At first glance, the following statements may seem like they come from the harshest critics of China’s technological innovations:
“We often say that the gap between China and the United States in AI is one or two years. But the real gap between the U.S. and China AI is creativity and imitation. China will be a follower forever if this doesn’t change.”
“In the past 30 years, China has essentially not produced any innovation in the tide of IT development, merely following along as a free rider, without contributing to any real technological innovation.”
“Chinese companies are accustomed to taking other (foreign) companies’ innovation, developing applications based on those, and making a fortune from it. But this should not be taken for granted.”
“We have been used to waiting for Moore’s Law to come down from the sky, and then, boom, 18 months later, we have better hardware and software to use. Now, in China, the same is happening with scaling laws.”
But surprisingly, these words come from Liang Wenfeng, the founder of DeepSeek, a Chinese AI start-up that recently shocked the global AI community, particularly in Silicon Valley and on Wall Street.
DeepSeek’s success marks a significant boost for China’s AI innovation. It shows that even in the face of US chip restrictions, Chinese companies can adopt innovative solutions to drive cost-effective development. Their work challenges the notion that China will always be a follower in AI innovation.
Taken from an exclusive interview with Liang conducted by 36Kr, a Chinese media platform, in summer 2024 — when DeepSeek released its V2 model — these quotations strike at the heart of long-standing issues in China’s technological innovation system and the way that many Chinese companies approach business.

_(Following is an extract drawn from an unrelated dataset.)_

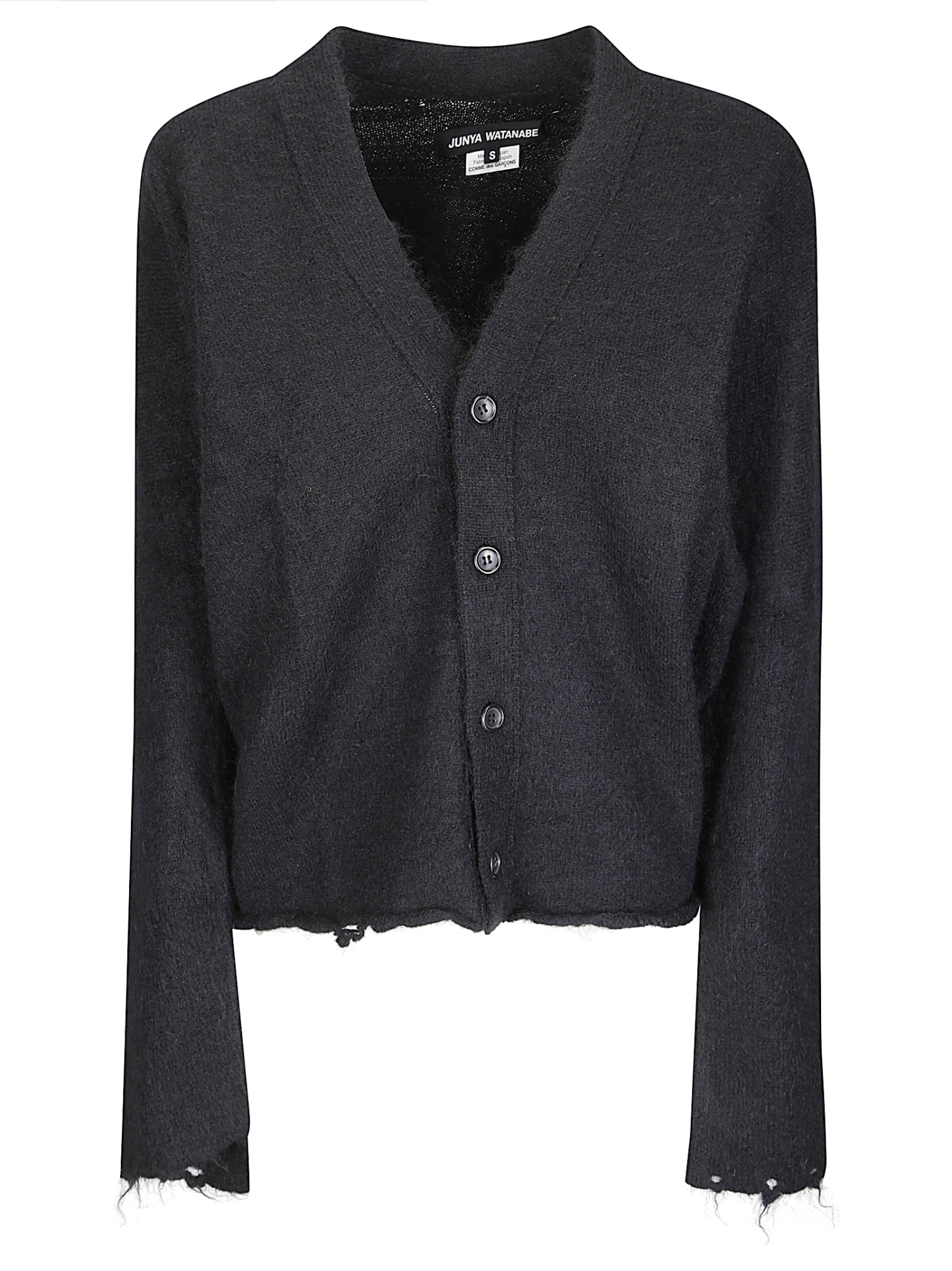 Junya Watanabe V-neck Distressed-effect Cardigan In Black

So, what makes Mr. Liang, a seemingly “nouveau riche” player in China’s AI industry, so undiplomatically frank in his criticism? What sets DeepSeek apart from other AI giants and start-ups in China? Before answering these questions, we need to explore what DeepSeek has actually done to achieve its breakthroughs in AI innovation. What do DeepSeek’s innovations mean for the future of AI development?
Two Myths about DeepSeek’s Success
DeepSeek sent shockwaves through the global AI industry in January 2025 when it announced that its V3 model rivals OpenAI’s GPT-4o and other leading large language models (LLMs), despite the fact that the system was trained at an extremely low cost — US$5.576 million using 2,048 Nvidia A800 chips. This figure pales in comparison to the pre-training costs of around US$40–60 million and the tens of thousands — sometimes even 100,000 — of advanced AI chips (such as the Nvidia H100) used by OpenAI, Meta and other US-based tech giants.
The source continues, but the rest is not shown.